RAILROAD MAKES WRONG RATE MOVE AGAIN SAYS GRAIN DEALERS (7-22-02)    

“The Burlington Northern Santa Fe Railway made the wrong move a year ago when it started its discriminatory inverse rate program,” says Keith Brandt, president of the North Dakota Grain Dealers Association and manager at the Enderlin (ND) Farmers Elevator. “Now they have compounded the error by moving in the wrong direction with rates.”  The statewide association of grain elevators says the railroad should have lowered rates to all other shippers instead of raising rates to the few who had been getting more favorable treatment.

“The inverse rate scheme has shown that BNSF Railway is willing to haul wheat from elevators in western Minnesota and eastern North Dakota to places like Portland, Oregon for 79¢ or 80¢ per bushel,” says Grain Dealers First Vice President Mike McNamee of Beulah. “Why then must they charge $1.09 for a bushel of wheat to move 300 miles less from Dickinson, ND, to that same destination?  These discrepancies expose the railroad’s excess profits in moving grain out of North Dakota and will be firm ground for filing a formal rail rate complaint with the Surface Transportation Board,” says McNamee, “a possibility that is being closely studied.”

Estimates have been made by the Upper Great Plains Transportation Institute at NDSU in Fargo and by the ND Public Service Commission that railroad rate overcharges on grain shipped from North Dakota total $50 million to $100 million per year. 

Jim Bobb, grain division manager at Southwest Grain Cooperative near Gladstone, ND adds, "This past year the public became aware of the predatory tactics the BNSF will use to eliminate grain elevator facilities and competition in their long term strategic plan to have only a few efficient super shippers (shuttle).  These tactics initially were offered (secretly) to a few, and have cost millions of dollars to producers who are forced to endure long hauls and excessive rail rates in captive markets.  This brings us back to the point that we still need a simplified rate relief mechanism and government oversight."

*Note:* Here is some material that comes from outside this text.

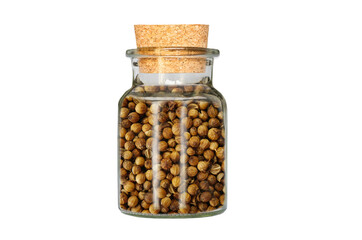 coriander in glass container isolated on white background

“The inverse rate scheme also showed BNSF’s hypocrisy about free markets,” says Steve Strege, executive vice president of the Grain Dealers Association.  “BNSF says it favors free markets.  It doesn’t want any government interference in its rate or service plans.  But the abnormal supply chain brought about by inverse rates short-circuited a free grain market that should have bid up prices for westbound wheat.”

The Association also points out that the shipping rate charged for wheat is much higher than for corn or soybeans shipped to the same destinations.  “A carload is a carload, whether it contains wheat or soybeans or corn,” says Brandt, “All weigh approximately the same.  But wheat rates are 30-50 percent higher than the other two commodities.  There is absolutely no cost justification for the railroad to be doing this.  The BNSF takes advantage of us whenever and wherever they can.”  Grain Dealers says the excess charge for wheat shipments is one factor causing farmers to reduce wheat plantings over the past few years.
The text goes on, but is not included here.